ハイブリッド専用エンジン? アトキンソンサイクルとは
課題(2)混合気の圧縮には力が必要
さて、さっきまずいことが二つあると書いたもう一つは何か? それは圧縮に力がいるということだ。自転車の空気を手押しのポンプで入れる時のことを思い出して欲しい。気体の圧縮というのは結構力が要るのだ。膨張行程を長く採るということは(アトキンソンでは解決されているが)本来圧縮も長くなり、その分、力が食われる。
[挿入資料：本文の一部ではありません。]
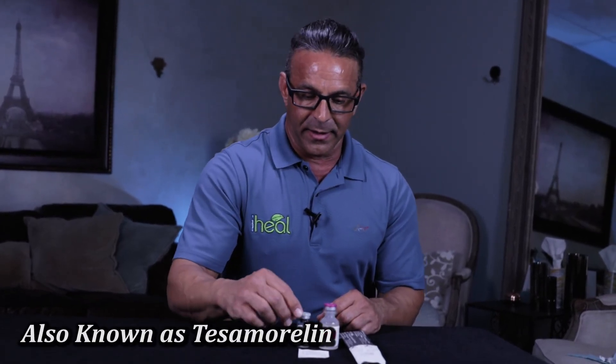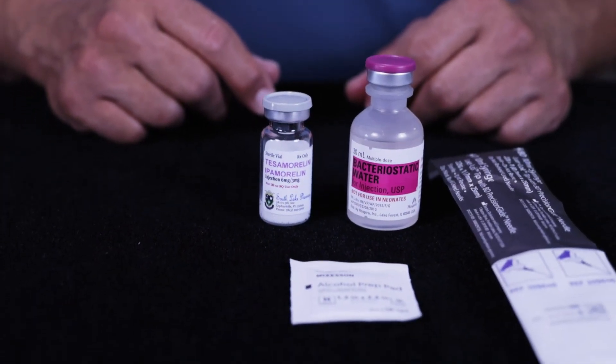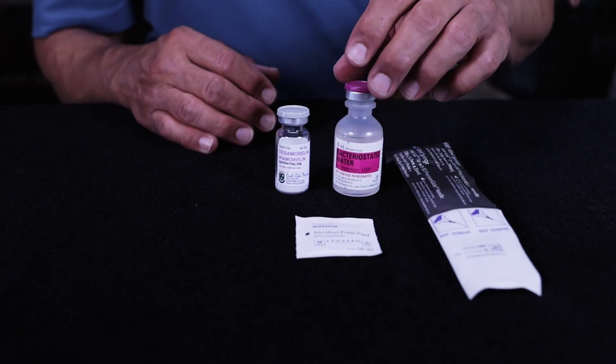I'm going to demonstrate how we're going to reconstitute our peptides. This particular one we have today is Ipamorelin, and these are the products they'll send you in your kit to do it. It's a simple process and there will be instructions included in the kit, but you can use this video as a reference.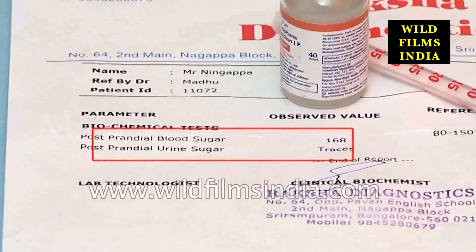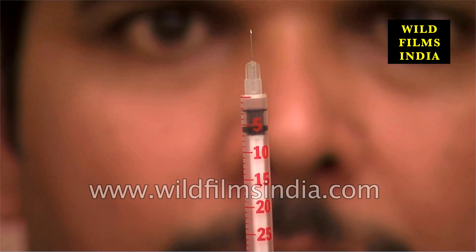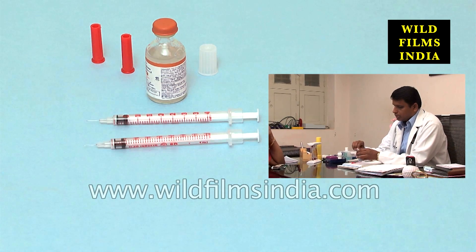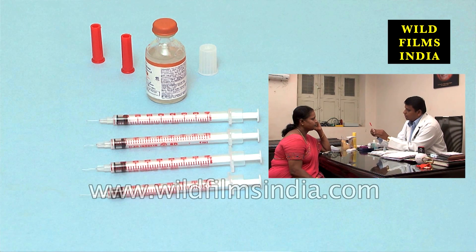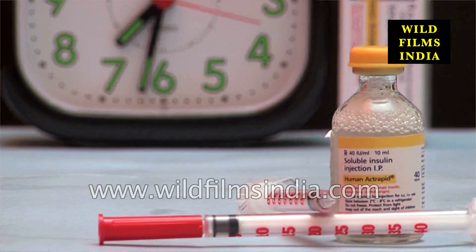Based on blood glucose levels and other medical tests, doctors will determine the type of insulin to be injected. Most patients with type 2 diabetes start off with one injection a day, and some may have as many as four depending on the doctor's prescription. Patients have to take their insulin injections at the right time and by the right method as prescribed by the doctor. Usually, patients take their insulin shots half an hour before meals.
エンジンが混合気(または空気)を圧縮するお仕事が増えるのだ。 かつては「混合気は与圧すると、燃焼圧力が乗数的に増えるので、圧縮に力を取られてもお釣りがくる」だから気にしないという考え方だったのだが「そうは言ってもロスはロス」だ。減らせるものなら減らしたい。実は同じ現象の表裏なのだが、圧縮比と膨張比が違えばそれは改善できる。 圧縮比の側から見た「適切な圧縮比に対して膨張比を伸ばしている」という現象は、膨張比の側から見れば「膨張比に対して圧縮比を減らして圧縮で食われるロスを減らしている」とも考えられるのだ。 そんなわけで、アトキンソンサイクルは内燃機関に革命的な新しい概念を作り出した素晴らしい理論なのだが、いかにせん実際に形にした時に重い。さらに部品の点数が増え、組み立てに手間がかかり、故障のリスクが高まる。クルマの様に常時エンジン回転数を変えて使い、そういう厳しい運転環境で高い信頼性を求められる機械には難しすぎる。そこで、この圧縮比と膨張比を変えるもっとシンプルな仕組みが求められた。それがミラーサイクルである。
よりシンプルな「ミラーサイクル」
まずは、アトキンソンサイクルで言う高膨張比のエンジンを作る。それをそのまま回せば16:1とかのノッキングでどうにもならないエンジンになってしまう。どうするか? 「最後まで空気を吸わせなければいいんでしょ?」ということで、まだ吸い込んでいる途中で吸気バルブを早く閉じてしまう手を考えた。空気入れで言えば途中で自転車から外してしまうから、後は楽々動く。そして空気もフルには吸い込まない。 実はやり方そのものは吸気バルブを早く閉じる「早閉じ」の他に、吸気バルブを吸気行程後もしばらく開けっ放しにして、圧縮の途中までダダ漏れにしておく「遅閉じ」があって、現在は遅閉じが主流だ。いずれにしても圧縮行程を全部使わないので、空気は機械的圧縮比通りには圧縮されない。 複雑なアトキンソンサイクルをなんとバルブタイミングのコントロールだけで実現してしまったのだ。これはコロンブスの卵。しかも可変バルブタイミングを上手に使えば可変圧縮比だってできる。ノックセンサーでフィードバックをかけながら常にノッキングぎりぎりの圧縮比にすることができるから効率もパワーも上がる。 しかし、現実はそんなに甘くない。先ほど「アトキンソンサイクルで言う高膨張比のエンジンを作る」と簡単に書いたが、それはミラーサイクル専用のエンジンを新たに作る話だ。エンジンは新規設計するのにめちゃくちゃにお金がかかる。そんなに簡単ではないのだ。だから実際に販売されているミラーサイクルエンジンのほとんどは普通のエンジンを改造して作られているのだ。そうなると圧縮比16:1なんて夢のまた夢で、10:1くらいの機械圧縮比しか持っていない。これを遅閉じで使ったら、本当の圧縮比は全然高くならない。 ミラーサイクルはギンギンに圧縮比を上げたエンジンで、膨張比を長くして最後の一滴までガソリンの燃焼圧力を搾り取るものでなくてはならない。そういう効率のために膨張比を変える仕組みを作っておいて、機械圧縮比が低いのでは何が目的か分からなくなる。しかし現実にそれを突き詰めたエンジンは数えるほどしかないのだ。 しかしこれは逆に考えれば、本当のミラーサイクルを作ればガソリンエンジンにはまだまだ可能性があるという話でもある。